San Francisco Tourism News

Proposed OAK Airport Name Change:

Azores Airlines, which flies between Oakland to Terceira Island in Portugal, has already begun using OAK’s new name. Screenshot courtesy of @iflyoak on Instagram.

San Francisco has launched a lawsuit against Oakland following the Port of Oakland’s Commissioners’ Apr. 11 vote to change Oakland International Airport’s name to “San Francisco Bay Oakland International Airport.” The lawsuit, filed federally on Apr. 18, alleges that the name change would violate San Francisco’s trademark on the title “San Francisco International Airport.” 

While the Oakland International Airport would keep their three-letter codes, OAK, San Francisco’s suit alleges that the Port of Oakland is “intentionally and knowingly capitaliz[ing] off of confusion” resulting from the name change, according to CNN. San Francisco International Airport’s code is SFO.

“There are many, many airports that have a similar or common city or geographic identification name in their title,” said Danny Wan, executive director for the Port of Oakland, to CNN.

As reported by Travel Weekly, after the port’s vote to change the name of the airport, Port Commission President Barbara Leslie stated, “We are standing up for Oakland and the East Bay.
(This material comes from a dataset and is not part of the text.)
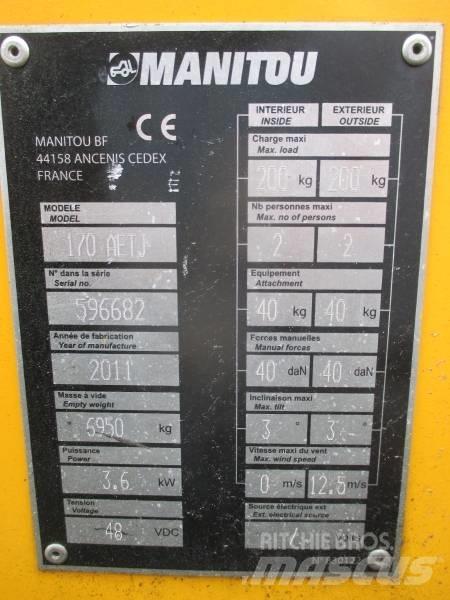 Manitou 170AETJ Zglobne dvižne ploščadi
This name will make it clear that OAK is the closest major airport for 4.1 million people, three national laboratories, the top public university in the country and California’s Wine Country.”

Final approval on the name will not be granted until the second vote held by the Port of Oakland’s Board of Commissioners, which is scheduled to take place on May 9.
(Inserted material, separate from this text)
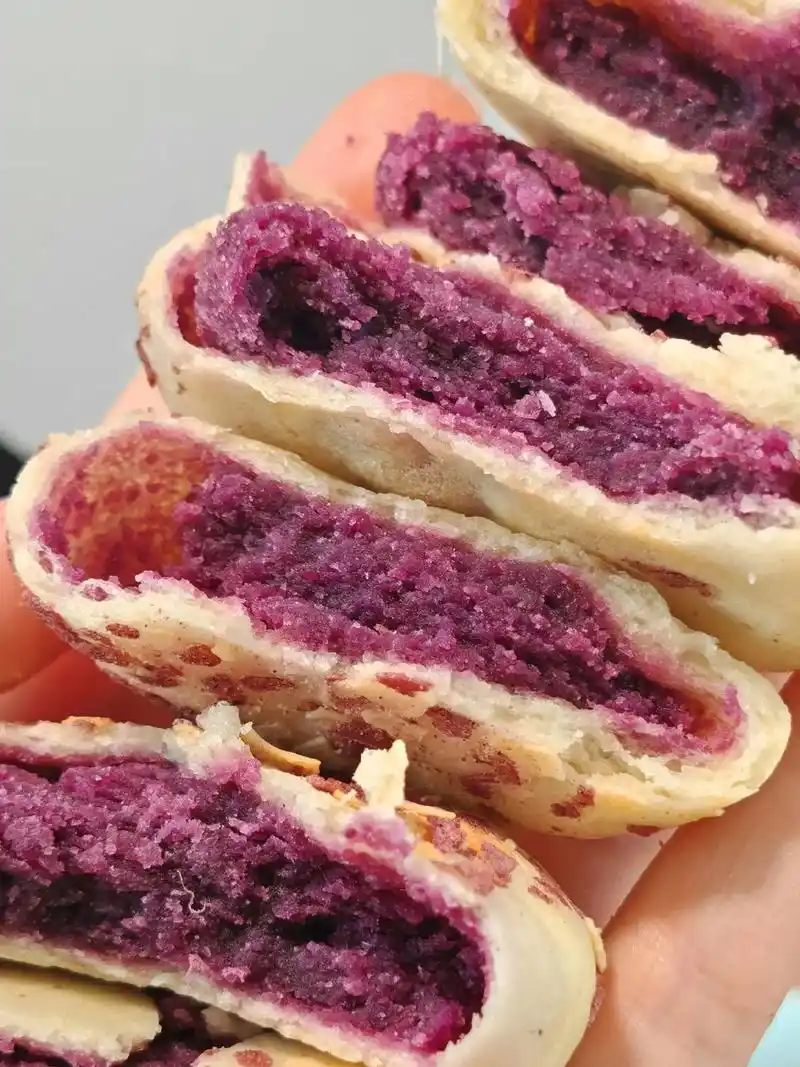 燕麦紫薯饼无蔗糖早餐代餐零食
Mayor Breed’s Trip to China:

Breed met with Shanghai Mayor Gong Zheng on her trip to China. “We think that with increased flights, business opportunities, pandas, the economic opportunities for San Francisco will be significant,” Breed said in her press conference. Photo courtesy of a SF Government Press Release.

On Apr. 21, Mayor London Breed returned to San Francisco following a week-long trip to China, after getting the country to agree to send two pandas to the San Francisco Zoo.

Her goals for the trip extended beyond securing new animals for the zoo, however. In a press conference, Breed declared, “We were truly successful in our trip, we had meetings with government officials, airlines and business leaders… we held forums with people interested in doing business in San Francisco.” 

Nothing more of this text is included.